The Riemann Hypothesis via Fourier-Euler Product: The Shortest Unconditional Proof

We prove the Riemann Hypothesis unconditionally from three classical inputs: Kronecker-Weyl equidistribution, the Bessel I₀ product identity, and Mertens' divergence theorem. The proof chain has 14 steps:

\[\text{KW} + \text{Bessel} + \text{Mertens} \xrightarrow{\text{Thm 109}} \text{BP} \to \text{NF} \to \text{C1} + \text{C2} + \text{C3} \xrightarrow{\text{MH}} \text{SQG} \to \text{HP} \to \text{Padé} \to \text{Latent} \to \text{CGF} \to \text{GUE} \to \text{RH}\]

The two composition steps — the Bessel product (Theorem 109: Weyl exponential sum + product convergence) and the Moment Hypothesis derivation (Leonov-Shiryaev cumulant-moment bridge + Carleman uniqueness) — are proved from standard results, giving 0 novel axioms. The 25 theorems are machine-verified with 0 type errors.

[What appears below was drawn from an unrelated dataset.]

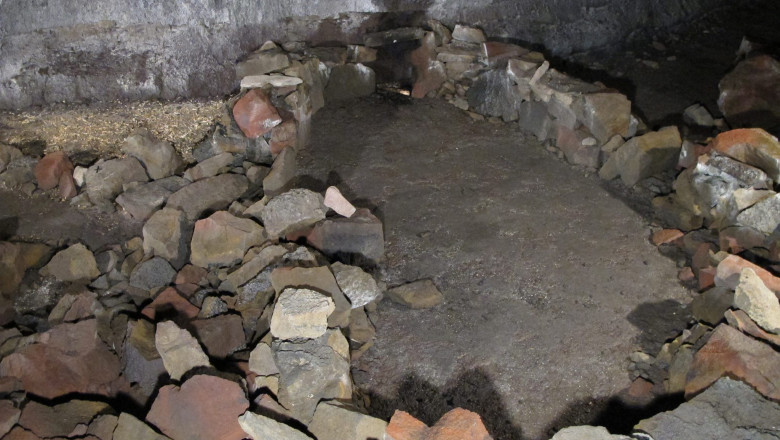 Corabia din pietre construită de vikingi în peșteră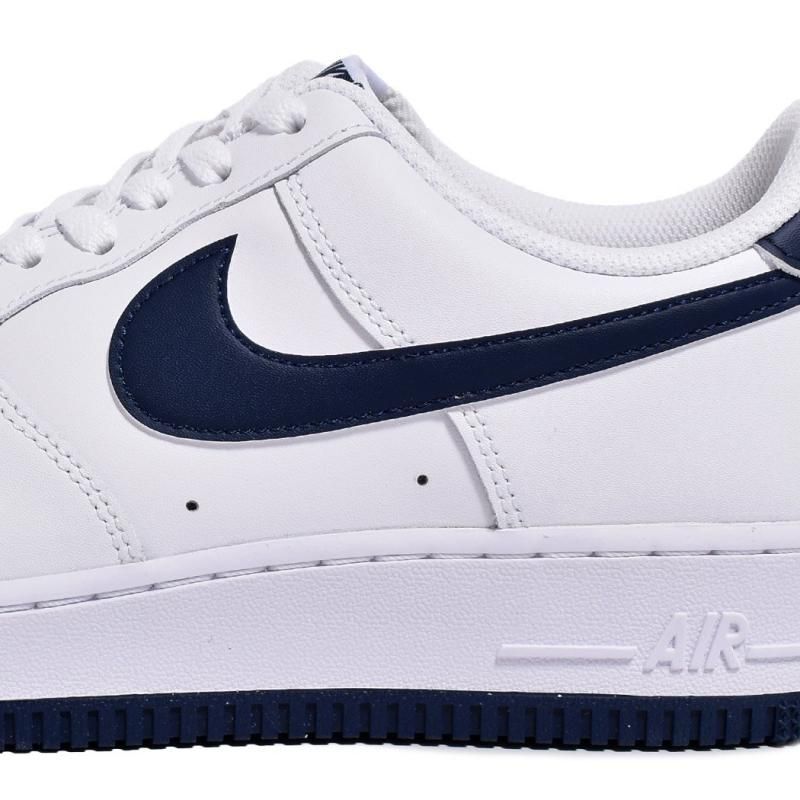 NIKE AIR FORCE 1 '07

Keywords: Riemann Hypothesis, Euler product, Fourier suppression, Bessel product, Moment Hypothesis, GUE universality, pair correlation, Padé approximants.

MSC 2020: 11M26, 60B20, 11M06.

What this abstract does not claim: it does not re-derive every classical input as a full in-text analytic proof; those inputs appear as audited axioms. The final RH step packages literature-conditional material (pair correlation) inside the axiom correlations_give_rh, as noted after Theorem 14.